Last year, the Federal Energy Regulatory Commission (FERC) approved the expansion of the Kinder Morgan Louisiana pipeline. This is just one of several pipeline expansion initiatives in the state, and many experts in the oil and natural gas industry believe Louisiana will be home to the next wave of pipeline expansions. Yet what makes this state unique from other high producing states like Texas? What has changed in the industry to revive Louisiana as a hub of growth?
An Existing Hub to the Nation
According to the Louisiana Department of Natural Resources, the state already is home to almost 50,000 miles of pipelines. The greatest amount of pipeline is located within the 19 parishes that border the Gulf of Mexico, the location of oil and gas productions. Within Louisiana, the pipeline system intersects with every major transportation passageway. The system also connects with interstate pipelines, providing energy to the rest of the nation.
Pipeline mileage aside, Louisiana’s oil and gas production levels are among the highest in the nation. The amount of natural gas produced in the state only falls behind that of Texas, STI Group explains. 59 million barrels of crude oil were produced in 2013, making it the seventh-highest producing state.
Based on these numbers, it might seem that Louisiana is has already reached a top-level of energy production. Yet changes in the industry and advancements in technology have renewed interest in expanding the state’s already robust system.
Hydraulic fracturing (“fracking”) allows companies to tap gas and oil sites that were previously inaccessible. This process pumps liquids into a wellbore to create cracks within rock formations. This allows for the flow of the untapped gas and oil.

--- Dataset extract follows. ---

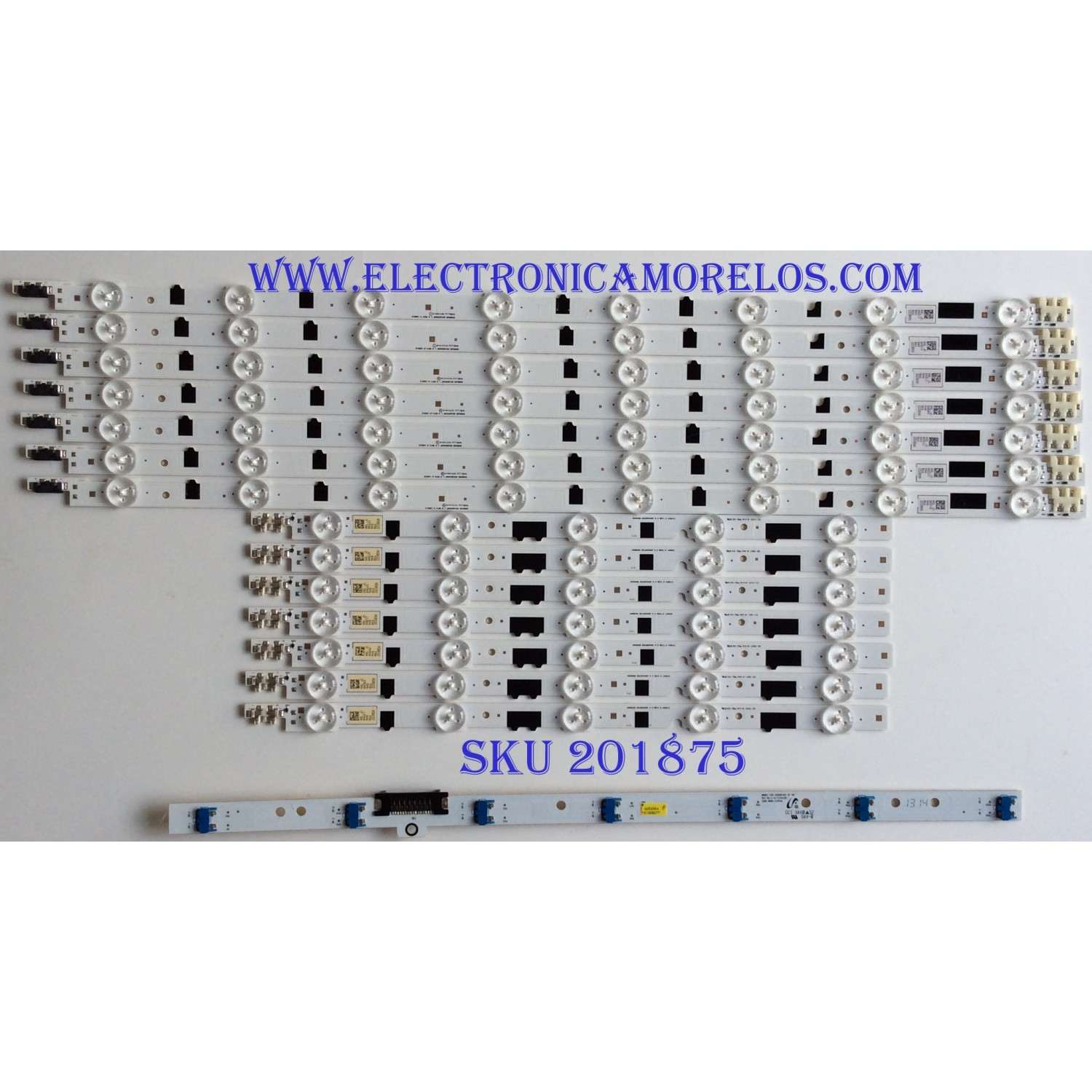 KIT DE LED'S PARA TV (14 PIEZAS) / SAMSUNG / BN96-25304A / BN96-25305A / 2013SVS40F R 5 REV. 130212 / PANEL CY-HF400CSLV1H / MODELOS UA40F5500ARXMN TD01 / UE40F6740SSXXN  / ( MAS MODELOS EN DISCRIPCIÓN )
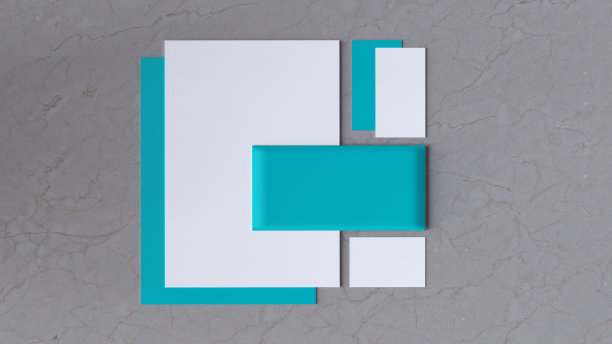 企业法人身份模板集。品牌文具模型图片下载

Advances in drilling haven’t been limited to onshore techniques. New offshore technology has allowed companies to tap areas deeper and more remote underneath the ocean. STI Group believes this will help build Louisiana’s share of offshore drilling production.
The Prime Location of the Pelican State
While Louisiana currently has an expansive pipeline system that connects with interstate pipelines, the majority of these connections were made to areas with high production. CNBC explains new methods (including fracking) have opened up-and-coming hubs such as North Dakota. New infrastructure needs to be built to connect these areas to existing hubs in Texas and Louisiana.
Transportation via pipelines is also cheaper than other methods such as rail. Indeed, CNBC explained that the 2012 pipeline transportation cost per barrel was between one and two dollars, compared to a minimum railway transportation cost of 10 dollars per barrel.
Natural gas resources are coming exclusively from the Midwest. According to the American Oil & Gas Reporter, the United States as a whole will experience a surplus in energy. In particular, the Northeast will need to send its surplus elsewhere while regional demand catches up. With energy absorption needs already peaking in the Midwest and South, the surplus will head to Louisiana. The state serves as an exporter to Mexico and overseas through liquid natural gas (LNGs), and its central location in the United States makes it an ideal outlet for surplus fuel.
New pipelines are being constructed in the Northeast to reshuffle and send out the excess resources in the region. As of 2014, 60 percent of these pipeline expansion projects are targeted to the Gulf Coast.
Time to Shine for Louisiana
American Oil & Gas pointed out the irony in Louisiana’s transformation from a gas and oil supplier to the rest of the nation to the recipient of excess fuel products. The industry has recognized this switch, and is investing resources into expanding the current pipeline infrastructure. While the oil and gas industry will always change, at least for now Louisiana can enjoy the spotlight.